8 8. ACF/PACF Analysis on Remainder Components

# ACF/PACF on remainder to check for remaining autocorrelation
remainder_data <- decomp_components %>%
  as_tibble() %>%
  select(time_15min, exchange, remainder) %>%
  as_tsibble(key = exchange, index = time_15min)

# Plot ACF for each exchange
p_acf <- remainder_data %>%
  ACF(remainder, lag_max = 48) %>%
  autoplot() +
  facet_wrap(~ exchange, ncol = 1) +
  labs(title = "ACF of Remainder (checking for leftover structure)") +
  theme_minimal()

# Plot PACF for each exchange
p_pacf <- remainder_data %>%
  PACF(remainder, lag_max = 48) %>%
  autoplot() +
  facet_wrap(~ exchange, ncol = 1) +
  labs(title = "PACF of Remainder") +
  theme_minimal()

p_acf / p_pacf

9 9. Export Feature Matrix for Modeling

# Export the feature matrix for downstream modeling
library(writexl)

write_xlsx(feature_matrix, "btc_feature_matrix.xlsx")
write.csv(feature_matrix, "btc_feature_matrix.csv", row.names = FALSE)

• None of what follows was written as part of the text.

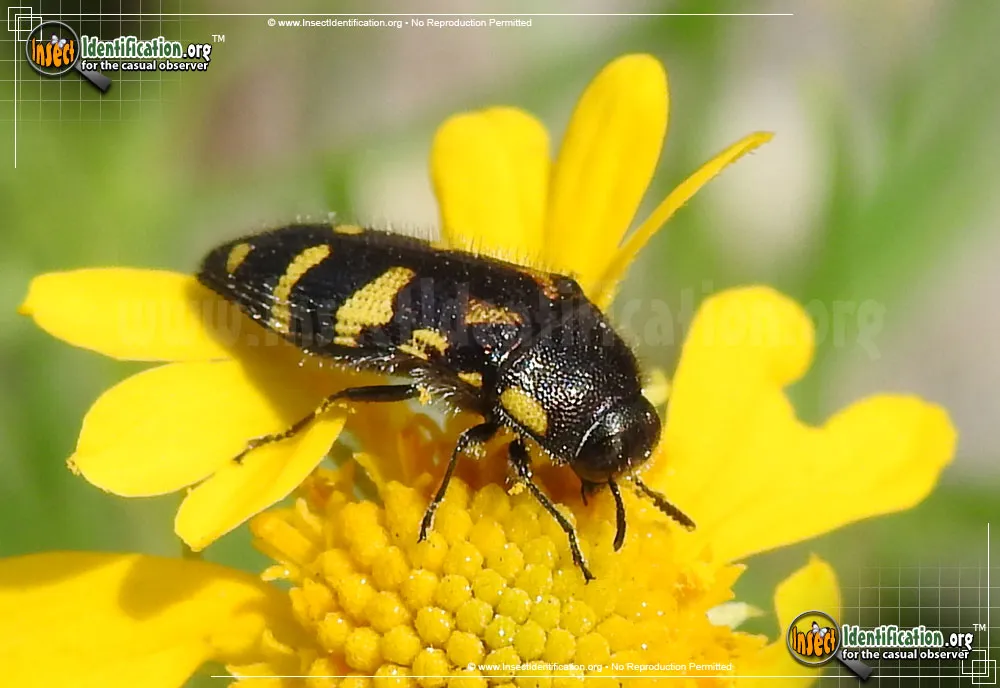 Flat-headed Bald Cypress Sapwood Beetle - photo 3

cat("Feature matrix exported to:\n")
Feature matrix exported to:
cat("- btc_feature_matrix.xlsx\n")
- btc_feature_matrix.xlsx
cat("- btc_feature_matrix.csv\n\n")
- btc_feature_matrix.csv
cat("Ready for:\n")
Ready for:
cat("- ML models (regression, classification, reinforcement learning)\n")
- ML models (regression, classification, reinforcement learning)
cat("- ARIMA/VAR models on trend components\n")
- ARIMA/VAR models on trend components
cat("- Volatility forecasting on remainder\n")
- Volatility forecasting on remainder
cat("- Spread/arbitrage signal generation\n")
- Spread/arbitrage signal generation

10 10. Summary: The Complete Pipeline

10.1 What We Built

  1. Multi-source data ingestion (simulated 3 exchanges)
  2. Collapse layer (alignment to master grid + forward-fill)
  3. STL decomposition (trend + seasonal + remainder per exchange)
  4. Feature engineering (trend level/slope/curvature, seasonal, remainder)
  5. Cross-feed analysis (spreads, rolling correlations)
  6. Persistence diagnostics (ACF/PACF on remainder)
  7. Time-aligned feature matrix (X_t) (ready for modeling)

10.2 Why This Matters

Traditional approaches: - Use raw prices directly → noisy, non-stationary - Ignore cross-feed structure → miss arbitrage opportunities - No systematic decomposition → hard to interpret model features

This pipeline: - ✅ Separates signal (trend/seasonal) from noise (remainder) - ✅ Creates interpretable features (trend slope = momentum) - ✅ Enables multi-timescale analysis (trend for position, remainder for risk) - ✅ Generalizes to any multi-feed scenario (crypto indices, FX, commodities)

10.3 Next Steps

  1. Feature selection: Use feature importance (RF, LASSO) on (X_t)
  2. Forecasting: Build ARIMAX/VAR models on trend components
  3. Regime detection: Cluster on remainder variance (high vol = regime shift)
  4. Signal generation: Spread crossovers, trend slope thresholds
  5. Backtesting: Simulate trades using feature-based rules

10.4 Connection to Discussion 3

This is the direct extension of the PAYNSA decomposition work:

PAYNSA (Single Series) BTC Engine (Multi-Feed)
1 series (employment) N series (exchanges)
Monthly frequency Minute/tick frequency
Additive vs multiplicative Additive (price levels)
Forecast next value Generate trading signals
Excel verification Production pipeline

Core insight remains the same: Decomposition transforms raw data into structured features that are easier to model, interpret, and act upon.